L’inefficienza della mano pubblica

In che senso? La spesa pubblica consiste nella sottrazione di risorse al settore privato (famiglie e imprese) per offrire servizi ed erogazioni monetarie ai cittadini.

Tuttavia, come ben spiega la metafora del secchio bucato di Okun, essa è intrinsecamente inefficiente, perché quel che arriva a destinazione è sempre inferiore alla ricchezza prelevata dalle tasche dei contribuenti. Il resto è sprecato in burocrazia e, molto spesso, corruzione.

A causa di quanto detto, l’aumento della spesa pubblica determina un impoverimento dell’economia, contrariamente a quanto molti di noi siamo portati a credere. Per non parlare dell’effetto negativo che essa comporta per via della concentrazione di ricchezza nelle mani dello stato, cioè della politica. Saranno i governi, ergo i partiti, a decidere come utilizzare quote crescenti di risorse versate dai contribuenti e attraverso criteri del tutto arbitrari, che riflettono più esigenze elettorali che non reali. Vedasi i mille bonus di questi anni o, in una certa misura, lo stesso reddito di cittadinanza.

Serve uno stato più snello

Più alta la spesa pubblica in rapporto al PIL e più forte l’assalto alla diligenza delle lobby. Il che è persino naturale: se la categoria X ottiene aiuti dallo stato, perché non anche la categoria Y? Ed ecco che più alta la quota del reddito nazionale intermediata dallo stato, maggiori le inefficienze, per cui minore il tasso di crescita dell’economia. Il numero dei poveri in Italia non cresce malgrado l’aumento della spesa pubblica, bensì a causa di esso.

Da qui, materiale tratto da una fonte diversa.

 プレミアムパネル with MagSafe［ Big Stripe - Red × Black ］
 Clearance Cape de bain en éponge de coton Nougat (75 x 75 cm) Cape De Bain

I governi che si succedono ormai da decenni non fanno che mettere in un modo o nell’altro le mani nelle tasche dei cittadini per spillare loro risorse da utilizzare per scopi sempre più clientelari ed elettoralistici. Lavoratori, imprese e consumatori si ritrovano con meno denaro a disposizione e che spenderebbero meglio per le loro esigenze. I poveri in Italia sono il risultato di questa tendenza di cui non s’intravede la fine.

Bisogna tagliare la spesa pubblica per aumentare il benessere sociale. Ma fa molto poco “cool” dirlo per un leader politico. Anche questa campagna elettorale dimostra che la promessa di prebende pubbliche mantiene intatto il suo fascino, chiunque la faccia.